トヨタ自動車が米カリフォルニア州の環境規制への対応で、温暖化ガスの排出枠(クレジット)を大量に米テスラモーターズから購入したことが明らかになった。今後は規制が強まり、さらに経営の負担になる恐れがある。

 トヨタ自動車が2017年8月末までに米国で温暖化ガスの排出枠(クレジット)を米テスラモーターズから大量に購入したことが明らかになった。米カリフォルニア州大気資源委員会(CARB)が10月13日に公表した資料による。CARBは毎年、8月末までの1年間における自動車各社の排ガスゼロ車(ZEV)規制への対応を公表している。

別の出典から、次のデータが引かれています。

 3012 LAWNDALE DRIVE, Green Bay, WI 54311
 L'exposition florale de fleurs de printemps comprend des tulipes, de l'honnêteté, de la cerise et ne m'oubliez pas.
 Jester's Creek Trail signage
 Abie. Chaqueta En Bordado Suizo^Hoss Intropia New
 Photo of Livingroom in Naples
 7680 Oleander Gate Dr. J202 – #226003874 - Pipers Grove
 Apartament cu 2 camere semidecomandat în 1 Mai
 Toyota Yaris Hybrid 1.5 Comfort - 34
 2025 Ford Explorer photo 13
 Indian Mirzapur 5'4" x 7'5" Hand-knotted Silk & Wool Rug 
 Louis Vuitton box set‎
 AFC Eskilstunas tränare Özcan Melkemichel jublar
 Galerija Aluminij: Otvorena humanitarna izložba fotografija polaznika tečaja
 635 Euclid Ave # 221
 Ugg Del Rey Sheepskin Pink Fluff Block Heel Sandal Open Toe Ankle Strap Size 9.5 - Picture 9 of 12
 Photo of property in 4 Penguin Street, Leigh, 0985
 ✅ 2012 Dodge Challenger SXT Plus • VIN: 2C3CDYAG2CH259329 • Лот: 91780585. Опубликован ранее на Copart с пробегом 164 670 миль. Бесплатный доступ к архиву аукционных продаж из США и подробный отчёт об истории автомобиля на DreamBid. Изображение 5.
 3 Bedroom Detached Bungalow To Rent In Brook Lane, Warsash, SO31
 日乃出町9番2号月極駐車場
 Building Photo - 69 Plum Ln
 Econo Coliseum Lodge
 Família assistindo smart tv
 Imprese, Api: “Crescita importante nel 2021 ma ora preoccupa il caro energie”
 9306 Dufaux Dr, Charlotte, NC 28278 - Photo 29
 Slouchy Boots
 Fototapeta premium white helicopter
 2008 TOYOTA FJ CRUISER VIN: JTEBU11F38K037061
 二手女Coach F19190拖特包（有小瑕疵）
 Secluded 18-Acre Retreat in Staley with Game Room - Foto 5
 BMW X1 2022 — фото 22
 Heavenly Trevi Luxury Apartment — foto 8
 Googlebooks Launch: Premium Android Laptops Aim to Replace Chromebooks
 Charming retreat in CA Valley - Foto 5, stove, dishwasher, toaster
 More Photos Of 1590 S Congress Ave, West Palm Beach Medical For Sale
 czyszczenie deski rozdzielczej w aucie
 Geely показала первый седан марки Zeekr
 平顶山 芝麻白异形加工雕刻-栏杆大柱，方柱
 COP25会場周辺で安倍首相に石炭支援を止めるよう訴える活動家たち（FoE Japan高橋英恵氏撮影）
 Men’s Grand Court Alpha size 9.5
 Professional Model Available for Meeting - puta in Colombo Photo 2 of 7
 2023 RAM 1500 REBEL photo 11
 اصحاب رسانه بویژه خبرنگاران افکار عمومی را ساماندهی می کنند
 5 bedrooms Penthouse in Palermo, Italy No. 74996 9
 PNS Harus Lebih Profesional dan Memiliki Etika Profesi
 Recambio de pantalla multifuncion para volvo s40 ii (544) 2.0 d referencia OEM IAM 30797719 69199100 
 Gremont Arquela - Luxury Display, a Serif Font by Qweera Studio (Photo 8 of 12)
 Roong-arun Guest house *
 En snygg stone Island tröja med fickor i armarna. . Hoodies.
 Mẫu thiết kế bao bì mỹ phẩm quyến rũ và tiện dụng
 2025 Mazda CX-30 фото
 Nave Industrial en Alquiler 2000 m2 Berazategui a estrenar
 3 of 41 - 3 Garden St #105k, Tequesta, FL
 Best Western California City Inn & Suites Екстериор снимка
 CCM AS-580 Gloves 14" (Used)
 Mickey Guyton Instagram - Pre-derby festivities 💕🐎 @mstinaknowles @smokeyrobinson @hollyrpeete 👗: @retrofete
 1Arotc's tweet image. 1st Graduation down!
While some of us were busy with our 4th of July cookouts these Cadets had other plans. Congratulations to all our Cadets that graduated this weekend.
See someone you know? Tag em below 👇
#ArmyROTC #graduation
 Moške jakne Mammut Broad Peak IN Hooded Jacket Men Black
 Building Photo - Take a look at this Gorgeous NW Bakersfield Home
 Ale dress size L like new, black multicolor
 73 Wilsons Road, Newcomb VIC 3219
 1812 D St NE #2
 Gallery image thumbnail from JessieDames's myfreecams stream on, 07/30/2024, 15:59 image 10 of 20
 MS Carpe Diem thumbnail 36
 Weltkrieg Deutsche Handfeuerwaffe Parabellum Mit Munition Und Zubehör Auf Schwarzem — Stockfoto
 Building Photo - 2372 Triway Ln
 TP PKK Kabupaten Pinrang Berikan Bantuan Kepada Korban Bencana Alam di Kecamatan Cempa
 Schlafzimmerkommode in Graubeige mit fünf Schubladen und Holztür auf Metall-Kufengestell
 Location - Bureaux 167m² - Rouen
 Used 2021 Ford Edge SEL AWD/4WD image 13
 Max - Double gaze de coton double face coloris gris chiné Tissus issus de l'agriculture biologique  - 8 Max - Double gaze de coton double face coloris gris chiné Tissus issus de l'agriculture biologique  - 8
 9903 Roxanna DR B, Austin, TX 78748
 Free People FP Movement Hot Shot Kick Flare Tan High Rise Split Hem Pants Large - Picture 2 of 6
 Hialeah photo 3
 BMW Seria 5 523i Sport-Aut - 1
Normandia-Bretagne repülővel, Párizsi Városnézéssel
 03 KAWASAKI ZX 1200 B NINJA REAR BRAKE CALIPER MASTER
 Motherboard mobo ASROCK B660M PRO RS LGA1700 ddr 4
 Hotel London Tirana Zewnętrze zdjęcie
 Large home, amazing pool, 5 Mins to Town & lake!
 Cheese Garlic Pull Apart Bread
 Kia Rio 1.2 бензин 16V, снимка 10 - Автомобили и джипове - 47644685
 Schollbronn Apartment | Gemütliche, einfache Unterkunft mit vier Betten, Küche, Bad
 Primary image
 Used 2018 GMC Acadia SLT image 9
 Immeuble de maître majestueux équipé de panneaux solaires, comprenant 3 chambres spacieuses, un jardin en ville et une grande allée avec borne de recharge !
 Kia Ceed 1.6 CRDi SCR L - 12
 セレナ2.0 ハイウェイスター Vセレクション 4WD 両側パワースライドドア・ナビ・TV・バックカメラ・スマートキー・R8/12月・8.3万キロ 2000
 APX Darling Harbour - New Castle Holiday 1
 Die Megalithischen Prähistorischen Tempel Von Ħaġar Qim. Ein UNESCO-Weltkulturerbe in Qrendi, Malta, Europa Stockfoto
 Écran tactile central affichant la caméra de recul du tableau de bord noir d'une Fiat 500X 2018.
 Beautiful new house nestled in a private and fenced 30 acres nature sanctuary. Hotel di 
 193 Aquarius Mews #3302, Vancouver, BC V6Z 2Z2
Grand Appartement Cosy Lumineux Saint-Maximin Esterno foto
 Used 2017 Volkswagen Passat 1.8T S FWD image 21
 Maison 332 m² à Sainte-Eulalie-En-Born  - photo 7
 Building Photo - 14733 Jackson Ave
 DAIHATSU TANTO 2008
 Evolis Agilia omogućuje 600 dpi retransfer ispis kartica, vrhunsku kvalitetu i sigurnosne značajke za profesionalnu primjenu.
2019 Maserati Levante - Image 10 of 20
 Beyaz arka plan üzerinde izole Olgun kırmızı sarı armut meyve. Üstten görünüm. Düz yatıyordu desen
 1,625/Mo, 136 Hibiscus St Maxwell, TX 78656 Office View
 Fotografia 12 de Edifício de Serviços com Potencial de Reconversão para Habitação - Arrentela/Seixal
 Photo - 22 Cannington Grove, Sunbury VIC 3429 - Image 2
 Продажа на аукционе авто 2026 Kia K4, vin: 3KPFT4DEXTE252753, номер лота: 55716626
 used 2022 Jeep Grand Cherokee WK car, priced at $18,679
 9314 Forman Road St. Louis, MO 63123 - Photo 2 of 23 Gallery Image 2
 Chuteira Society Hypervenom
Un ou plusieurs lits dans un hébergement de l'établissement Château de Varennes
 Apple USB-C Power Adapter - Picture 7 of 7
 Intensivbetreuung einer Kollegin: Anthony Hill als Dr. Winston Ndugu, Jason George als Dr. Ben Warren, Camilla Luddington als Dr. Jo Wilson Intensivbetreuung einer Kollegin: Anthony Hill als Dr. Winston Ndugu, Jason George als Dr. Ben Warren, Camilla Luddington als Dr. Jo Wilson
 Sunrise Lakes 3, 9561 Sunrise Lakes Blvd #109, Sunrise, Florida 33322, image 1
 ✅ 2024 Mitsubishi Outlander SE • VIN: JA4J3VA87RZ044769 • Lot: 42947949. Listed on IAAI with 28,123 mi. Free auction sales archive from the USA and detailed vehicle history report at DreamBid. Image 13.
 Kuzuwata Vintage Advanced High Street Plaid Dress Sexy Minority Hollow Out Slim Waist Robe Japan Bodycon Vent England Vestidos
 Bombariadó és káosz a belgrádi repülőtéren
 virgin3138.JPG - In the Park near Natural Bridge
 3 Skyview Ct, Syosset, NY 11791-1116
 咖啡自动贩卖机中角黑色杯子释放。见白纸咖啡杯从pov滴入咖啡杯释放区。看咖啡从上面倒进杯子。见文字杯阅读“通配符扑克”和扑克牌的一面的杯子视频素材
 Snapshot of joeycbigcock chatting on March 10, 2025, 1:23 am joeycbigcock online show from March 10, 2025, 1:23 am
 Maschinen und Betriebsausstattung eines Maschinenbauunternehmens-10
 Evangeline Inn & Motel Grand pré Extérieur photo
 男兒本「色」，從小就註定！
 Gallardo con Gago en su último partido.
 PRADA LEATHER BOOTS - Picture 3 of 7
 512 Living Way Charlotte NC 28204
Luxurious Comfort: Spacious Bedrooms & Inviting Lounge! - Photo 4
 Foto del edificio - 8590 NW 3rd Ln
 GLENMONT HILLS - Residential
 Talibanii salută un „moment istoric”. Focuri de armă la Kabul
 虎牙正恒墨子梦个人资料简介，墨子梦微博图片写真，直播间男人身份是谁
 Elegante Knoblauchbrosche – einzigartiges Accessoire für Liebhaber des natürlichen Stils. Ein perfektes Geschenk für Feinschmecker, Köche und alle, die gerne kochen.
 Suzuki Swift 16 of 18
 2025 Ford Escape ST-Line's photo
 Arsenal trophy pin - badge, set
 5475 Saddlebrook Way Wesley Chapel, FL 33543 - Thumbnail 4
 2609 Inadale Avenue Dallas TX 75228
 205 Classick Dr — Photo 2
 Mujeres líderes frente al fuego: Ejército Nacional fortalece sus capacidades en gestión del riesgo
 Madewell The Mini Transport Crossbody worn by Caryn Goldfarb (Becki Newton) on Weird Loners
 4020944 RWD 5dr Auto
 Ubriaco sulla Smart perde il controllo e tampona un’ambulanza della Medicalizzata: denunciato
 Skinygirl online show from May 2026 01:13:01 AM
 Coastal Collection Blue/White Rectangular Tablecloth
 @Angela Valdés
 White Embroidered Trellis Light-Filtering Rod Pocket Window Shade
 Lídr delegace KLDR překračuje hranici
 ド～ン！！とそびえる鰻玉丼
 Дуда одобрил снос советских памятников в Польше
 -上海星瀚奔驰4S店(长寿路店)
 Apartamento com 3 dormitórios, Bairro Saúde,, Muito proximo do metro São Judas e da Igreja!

 同州は自動車メーカーに、販売台数の一定割合を電気自動車(EV)などZEVとするよう義務付ける規制を導入している。基準未達のメーカーは罰金を払うか、基準をクリアしているメーカーから「ZEV排出枠(クレジット)」を購入しなければならない。

 トヨタは2017年8月末までの1年間で、3万5200クレジットと業界で最も多くのクレジットを購入した。2位は米ゼネラル・モーターズ(GM)、3位は欧米フィアット・クライスラー・オートモービルズ(FCA)だった。

●排ガスゼロ車(ZEV)のクレジット売買の上位3位(2017年8月末までの1年間)

単位:クレジット
注:プラスはクレジットの販売数、マイナスはクレジットの購入数

 トヨタは2年前にもクレジットを購入した。しかし、その際には購入数が少ないうえに、クレジットの一部を売却もしていた。これほど大量に購入したのは始めてだ。

 トヨタがクレジットを購入した相手はテスラである。同社は「モデルS」や「モデルX」などEVの販売が伸びており、義務量を大幅に超過した余剰枠がある。そのクレジットを販売している。同社は2017年4~6月期にZEVのクレジット販売で1億ドル(113億円)の売り上げがあった。